Notre objectif ? Défendre le droit des victimes d’effets indésirables graves des médicaments. Les propositions du projet de loi sur la réforme sanitaire du médicament ne prévoient aucune indemnisation pour les victimes des effets indésirables des produits de santé. Nous comptons bien, en tant que victimes des effets indésirables des médicaments, mais aussi victimes d’un système qui refuse de regarder la réalité du risque en face et d’en assumer la responsabilité, nous immiscer dans le débat qui va se tenir à l’automne à l’Assemblée Nationale et faire avancer la société sur ces sujets. Nous y apporterons des réponses justes, pragmatiques, constructives et efficaces

Lyell et SJS au téléphone sonne (France Inter)

Médicaments : et si on parlait de leurs effets indésirables ?

Nos pathologies ont été plusieurs fois mentionnées lors de cette émission sur les effets indésirables des médicaments. La problématique de la nécessaire indemnisation des victimes également. Les autres associations du CLAIM sont également intervenues.

 

Rapports des missions d’information parlementaires sur le Mediator

Suite aux deux auditions auxquelles elle a participé ainsi qu’aux travaux des assises du médicament, AMALYSTE a obtenu que le sujet de l’indemnisation de TOUTES les victimes d’accidents médicamenteux soit également traité.

Rappel des propositions des missions parlementaires sur le Mediator et des Assises du Médicament concernant l’indemnisation des accidents médicamenteux graves.

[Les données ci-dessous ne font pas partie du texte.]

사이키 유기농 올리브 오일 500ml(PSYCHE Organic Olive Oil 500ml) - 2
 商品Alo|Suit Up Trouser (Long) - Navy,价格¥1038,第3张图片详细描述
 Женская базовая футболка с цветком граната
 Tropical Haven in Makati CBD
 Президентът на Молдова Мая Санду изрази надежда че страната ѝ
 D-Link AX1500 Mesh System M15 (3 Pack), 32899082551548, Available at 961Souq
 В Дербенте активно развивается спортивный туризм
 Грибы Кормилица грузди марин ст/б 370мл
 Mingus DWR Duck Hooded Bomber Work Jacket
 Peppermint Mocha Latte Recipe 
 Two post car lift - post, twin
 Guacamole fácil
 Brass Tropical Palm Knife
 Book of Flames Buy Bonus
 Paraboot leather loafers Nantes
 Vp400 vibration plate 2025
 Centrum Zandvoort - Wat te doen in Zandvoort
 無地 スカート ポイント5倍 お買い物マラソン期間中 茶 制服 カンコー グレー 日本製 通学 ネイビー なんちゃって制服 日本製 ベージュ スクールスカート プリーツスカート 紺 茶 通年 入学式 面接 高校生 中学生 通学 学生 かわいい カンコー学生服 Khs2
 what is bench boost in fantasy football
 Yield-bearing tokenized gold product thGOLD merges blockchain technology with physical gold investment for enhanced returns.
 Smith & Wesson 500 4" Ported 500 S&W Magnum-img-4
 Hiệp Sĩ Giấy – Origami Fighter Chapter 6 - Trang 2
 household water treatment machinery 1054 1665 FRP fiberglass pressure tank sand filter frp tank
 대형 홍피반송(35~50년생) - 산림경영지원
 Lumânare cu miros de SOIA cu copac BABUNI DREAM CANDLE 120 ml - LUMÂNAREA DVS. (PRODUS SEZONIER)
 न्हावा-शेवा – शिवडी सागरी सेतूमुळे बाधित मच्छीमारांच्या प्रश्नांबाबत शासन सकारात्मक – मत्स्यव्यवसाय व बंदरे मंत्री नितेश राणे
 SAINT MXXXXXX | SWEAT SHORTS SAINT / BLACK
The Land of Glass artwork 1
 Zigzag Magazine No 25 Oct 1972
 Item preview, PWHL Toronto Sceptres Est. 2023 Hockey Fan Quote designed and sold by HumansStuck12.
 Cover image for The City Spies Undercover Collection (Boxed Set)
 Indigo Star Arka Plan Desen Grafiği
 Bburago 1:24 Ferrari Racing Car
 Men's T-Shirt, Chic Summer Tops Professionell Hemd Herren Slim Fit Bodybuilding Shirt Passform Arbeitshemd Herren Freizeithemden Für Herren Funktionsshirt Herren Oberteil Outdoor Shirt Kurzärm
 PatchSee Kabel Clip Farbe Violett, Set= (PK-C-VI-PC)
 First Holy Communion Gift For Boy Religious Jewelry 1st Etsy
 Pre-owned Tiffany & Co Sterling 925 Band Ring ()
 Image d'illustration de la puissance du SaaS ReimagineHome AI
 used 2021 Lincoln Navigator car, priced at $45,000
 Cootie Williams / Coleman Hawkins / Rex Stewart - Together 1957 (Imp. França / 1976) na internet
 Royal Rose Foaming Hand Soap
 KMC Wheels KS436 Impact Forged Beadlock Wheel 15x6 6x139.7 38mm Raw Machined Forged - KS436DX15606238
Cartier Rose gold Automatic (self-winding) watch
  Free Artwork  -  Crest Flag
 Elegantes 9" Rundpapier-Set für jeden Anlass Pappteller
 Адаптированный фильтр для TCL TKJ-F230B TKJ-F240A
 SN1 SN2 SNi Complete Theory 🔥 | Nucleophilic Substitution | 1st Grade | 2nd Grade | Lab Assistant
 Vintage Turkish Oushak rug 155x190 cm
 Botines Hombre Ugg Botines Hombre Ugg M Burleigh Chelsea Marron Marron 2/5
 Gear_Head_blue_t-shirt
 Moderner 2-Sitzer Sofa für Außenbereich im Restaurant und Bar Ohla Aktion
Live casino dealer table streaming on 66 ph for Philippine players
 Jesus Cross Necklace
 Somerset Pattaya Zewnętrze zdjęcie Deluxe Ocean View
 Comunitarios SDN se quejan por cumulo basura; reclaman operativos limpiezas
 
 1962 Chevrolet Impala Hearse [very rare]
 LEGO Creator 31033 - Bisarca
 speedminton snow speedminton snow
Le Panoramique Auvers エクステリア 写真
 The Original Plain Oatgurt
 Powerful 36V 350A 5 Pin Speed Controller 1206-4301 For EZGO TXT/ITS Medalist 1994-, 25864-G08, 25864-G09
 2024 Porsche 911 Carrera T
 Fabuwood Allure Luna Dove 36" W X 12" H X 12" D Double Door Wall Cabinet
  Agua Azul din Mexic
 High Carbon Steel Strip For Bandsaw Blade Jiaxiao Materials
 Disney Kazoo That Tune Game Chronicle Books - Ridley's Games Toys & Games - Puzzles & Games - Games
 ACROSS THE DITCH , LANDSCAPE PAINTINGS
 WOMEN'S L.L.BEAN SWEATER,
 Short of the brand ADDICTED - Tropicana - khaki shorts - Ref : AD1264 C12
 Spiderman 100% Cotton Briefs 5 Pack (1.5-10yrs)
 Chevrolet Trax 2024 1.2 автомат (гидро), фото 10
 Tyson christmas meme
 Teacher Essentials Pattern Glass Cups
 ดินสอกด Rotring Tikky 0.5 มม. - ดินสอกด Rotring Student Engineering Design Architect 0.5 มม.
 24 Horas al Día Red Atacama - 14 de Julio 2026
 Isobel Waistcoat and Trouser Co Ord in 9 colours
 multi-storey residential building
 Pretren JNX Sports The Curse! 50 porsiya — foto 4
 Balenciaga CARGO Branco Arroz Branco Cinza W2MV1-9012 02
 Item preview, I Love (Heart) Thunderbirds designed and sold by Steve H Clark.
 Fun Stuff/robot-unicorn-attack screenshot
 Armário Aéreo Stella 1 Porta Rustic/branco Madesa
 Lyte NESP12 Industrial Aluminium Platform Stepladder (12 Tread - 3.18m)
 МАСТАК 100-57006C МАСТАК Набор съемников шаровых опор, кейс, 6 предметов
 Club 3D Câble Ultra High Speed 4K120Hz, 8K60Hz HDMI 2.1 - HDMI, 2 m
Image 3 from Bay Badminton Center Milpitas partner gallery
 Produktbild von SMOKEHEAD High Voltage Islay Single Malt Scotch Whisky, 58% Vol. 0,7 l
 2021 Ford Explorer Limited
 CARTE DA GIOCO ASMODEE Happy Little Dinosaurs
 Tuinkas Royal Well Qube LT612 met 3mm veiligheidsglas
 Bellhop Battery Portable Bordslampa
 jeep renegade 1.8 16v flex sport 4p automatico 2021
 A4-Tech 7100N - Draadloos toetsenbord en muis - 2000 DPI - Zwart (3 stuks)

Mission de l’Assemblée Nationale

51. Réfléchir à une révision de la loi n° 2002-303 du 4 mars 2002 relative aux droits des malades et à la qualité du système de santé, dite loi Kouchner, qui a mis en place l’Office national d’indemnisation des accidents médicaux (ONIAM), afin de mieux prendre en charge les victimes d’accidents médicamenteux antérieurs à septembre 2001 et n’entrant pas en conséquence dans le champ du texte actuel.

52. Envisager la mise en place d’un référentiel unique d’indemnisation pour l’Office national d’indemnisation des accidents médicaux (ONIAM), le juge administratif et le juge judiciaire.

53. Privilégier à l’avenir la notion d’implication plutôt que celle de causalité dans l’indemnisation des victimes des accidents médicamenteux ; 54. Mettre en place une présomption de causalité lorsqu’un risque grave est mentionné sur la notice d’un médicament et qu’il se réalise.

Les travaux de la Mission sur le site de l’Assemblée Nationale

Mission commune d’information « Médiator » du Sénat

45. Proposer de modifier la législation européenne sur la réparation par l’industriel du dommage causé par l’un de ses produits. Le titulaire de l’AMM d’un médicament doit être présumé responsable des dommages éventuels résultant des effets indésirables figurant sur la notice.

65. Lutter contre la iatrogénie médicamenteuse
– en mettant en place un plan national pluriannuel de lutte prenant en compte l’identification des risques, leur prévention et leur prise en charge ;
– en publiant chaque année un rapport faisant le bilan de la iatrogénie médicamenteuse en France indiquant notamment le nombre de morts et d’hospitalisations qui lui sont imputables.
– et en lançant une campagne annuelle d’information sur ce sujet de l’Institut national de prévention et d’éducation pour la santé (Inpes) en créant un fonds d’indemnisation des victimes des accidents médicamenteux graves géré par l’Oniam et alimenté par une prime versée par l’industrie pharmaceutique dans des conditions à débattre. Ce fonds aurait pour objet de prendre en charge dans leur intégralité les soins liés et la réparation des dommages résultant de ces accidents, notamment ceux identifiés et reconnus lors de la délivrance ou de la réévaluation de l’AMM.